Aber jetzt gerade fühlt sich das Schloss kalt und unbewohnbar an. Bei dem Anblick des imposanten Gebäudes, das vor ihm aufragt, wünscht Haruka sich nichts sehnlicher, als umzudrehen und in die bekannte Wärme und Behaglichkeit seines eigenen Heims zurückzukehren. Er seufzt. »Grande responsabilité est la suite inséparable d’un grand pouvoir.«

»Was bedeutet das?«, fragt Asao vom Fahrersitz aus, während er das Auto langsam zum Stehen bringt.

»Aus großer Kraft folgt große Verantwortung.«

Durch das Fenster beobachtet Haruka eine Gruppe Vampire, die sich am Eingang des Schlosses tummeln.

Asao sieht mit gerunzelter Stirn zu ihm nach hinten. »Warum zitiert Ihr Spiderman auf Französisch?«

»Wer ist Spiderman?«, fragt Haruka und erwidert das Stirnrunzeln.

Asao schüttelt nur langsam den Kopf, während er aus dem Auto steigt. »Ihr solltet wirklich öfter rauskommen. Manchmal erscheint es mir, als würdet Ihr das mit Absicht machen. Ich suche Emorys Bediensteten auf, um nachzufragen, ob sie Blutbeutel für Euch haben. Nino parkt hinter uns.«

Asao schließt die Tür hinter sich.
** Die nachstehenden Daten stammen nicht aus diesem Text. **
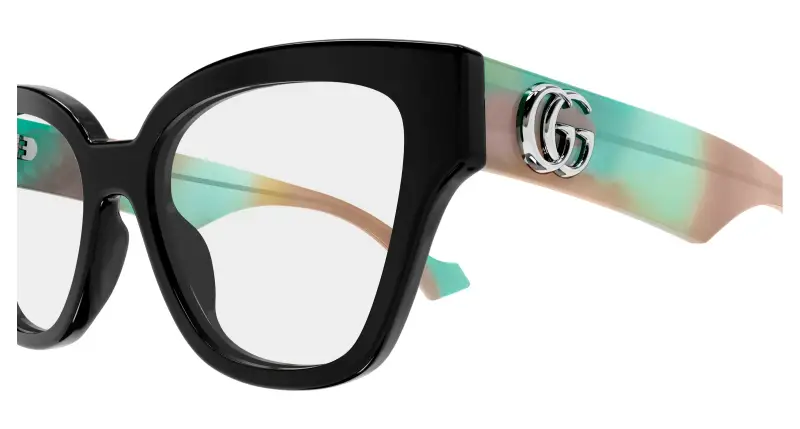 Donna Gucci GG1424O 018 Montature da vista Acetato Nero Trasparente Rotonda miniatura 3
In der gedämpften Stille des Autos sinkt Haruka tiefer in seinen Sitz. »Nino …«

Haruka hat sich der Magen umgedreht, als Nino ihm anvertraut hat, dass er misshandelt worden ist. Die emotionale Offenheit hat ihn unvorbereitet getroffen.

Verbales Einwilligen ist beim Beißen eines anderen erwachsenen Vampirs unerlässlich. Es ist Vampiren nicht möglich, die Haut eines anderen Vampirs mit ihren Reißzähnen zu durchbohren, wenn dieser nicht vorher die Erlaubnis dazu erteilt hat.

Die einzigartige Natur von Vampirkindern erwacht erst, wenn sie sechzehn Jahre alt werden. Zu diesem Zeitpunkt härtet ihre Haut vollkommen aus. Vorher ist sie weich und sie sind nicht in der Lage formell einzuwilligen. Jeder Erwachsene, der solch einen verbotenen und grausamen Akt ausführt, tut dies aus reinem Egoismus und Perversion.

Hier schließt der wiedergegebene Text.